I was reading a news story about cloud cover (there's been lots here) and it passingly mentioned that cloud cover is measured in Oktas. So I looked that up (https://en.wikipedia.org/wiki/Okta) and the little "band name" bell rang in my head. I almost posted it to the band names thread, but then I realized: I wanted that band name for myself... evocative of cloudy skies, it just sounds great for an ambient project. I dug around to see if anyone had taken this (there's a German rock band named Okta Logue, but nothing else that immediately popped up), so I immediately created a bandcamp page (https://okta.bandcamp.com/).
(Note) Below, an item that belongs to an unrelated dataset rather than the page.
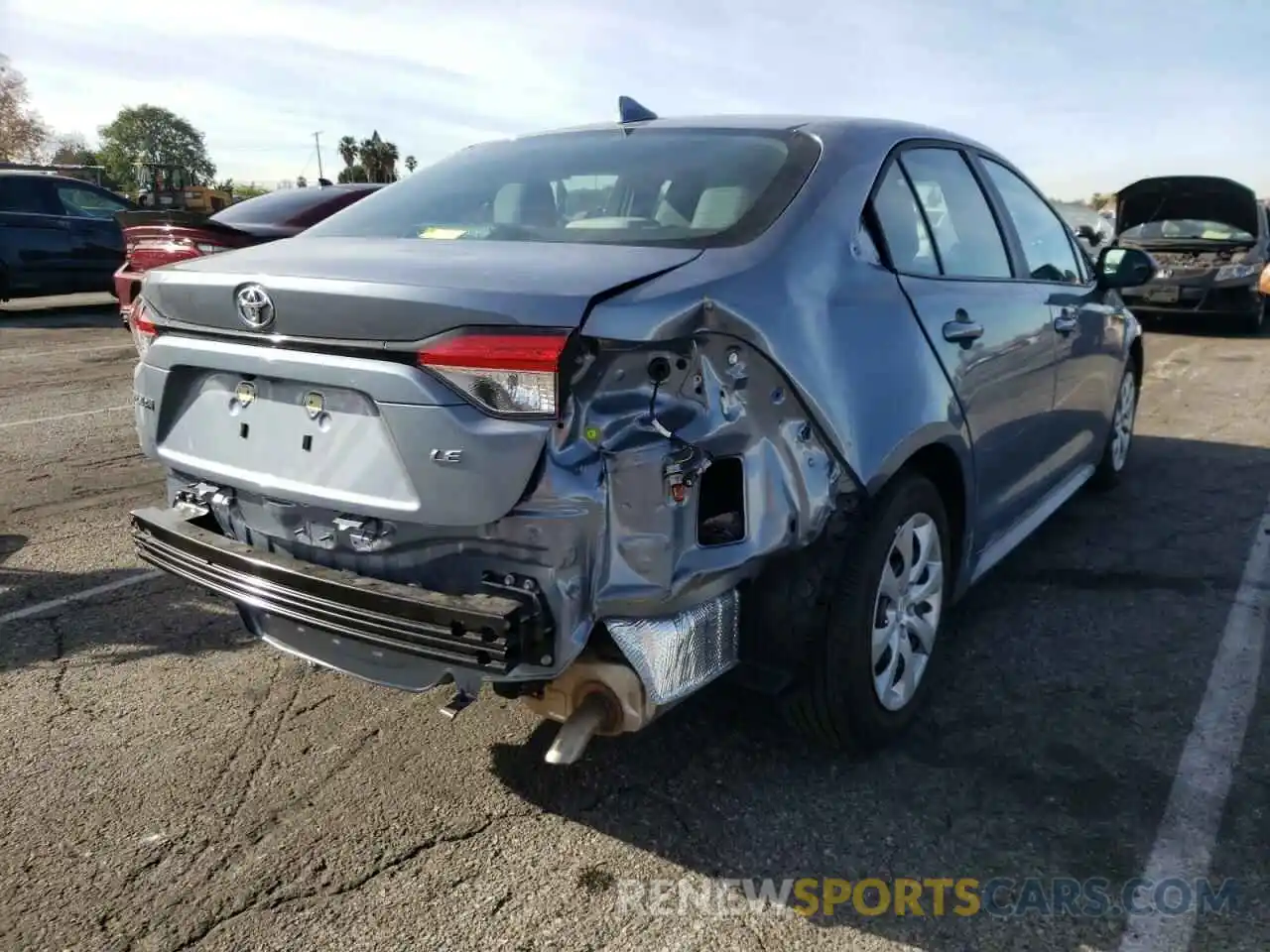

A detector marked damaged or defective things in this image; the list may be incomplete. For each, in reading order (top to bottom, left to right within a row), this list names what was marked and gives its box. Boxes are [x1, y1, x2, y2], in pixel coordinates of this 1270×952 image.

detached rear bumper [128, 508, 556, 680]
damaged silver sedan [123, 100, 1158, 767]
But I don't really need a band name for that right now.
So what if I shared it?
I'm proposing a collaborative project, open to anyone here who wants to get in on it and share the general vibe, which is ambient, drone-y music. I don't have many other stipulations than rhythmic elements should be absent (or strongly minimized) and the guiding aesthetic principle is a cloudy sky.
The idea that comes to my mind is that the collaboration would be a twofold process:
1) everyone contributes a number of sounds/stems ranging from 1 to the total number of collaborators
2) everyone then gets to create a track, drawing from the bank of the submitted sounds. (I think it would be cool to have some mixers get some sounds exclusively, but also to maybe have some re-occur in different tracks? This is open to discussion.)
Submitted sounds should be free of ego attachments, as the mixer should feel free to manipulate the sounds as they see fit.
Completed tracks will be posted as an album to bandcamp with a Creative Commons Attribution-NonCommercial-ShareAlike 3.0 Unported Licence (CC BY-NC-SA 3.0).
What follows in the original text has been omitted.